*** Opening Input data ***

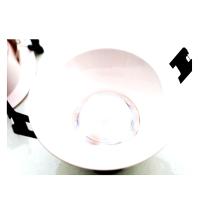 (1)LED灯泡 220V 13W 螺口 LED灯 220V 13W 螺口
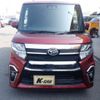 daihatsu tanto 2021 CFJ1420167 image 40
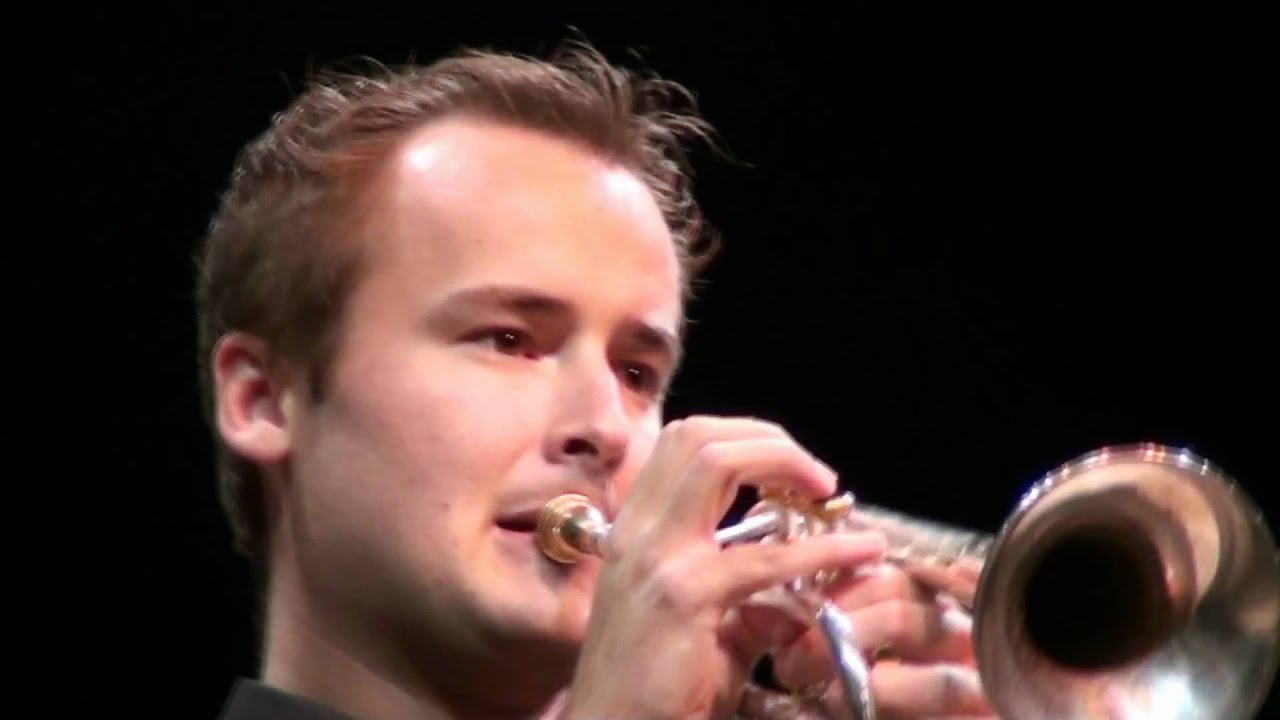 Fortune's Fool Land O' Burns Contest 2011.avi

*** Closing Input data ***

To do ▸ Without including any pictures, copy every line above exactly.

Solution for this problem ▸
 (1)LED灯泡 220V 13W 螺口 LED灯 220V 13W 螺口
 daihatsu tanto 2021 CFJ1420167 image 40
 Fortune's Fool Land O' Burns Contest 2011.avi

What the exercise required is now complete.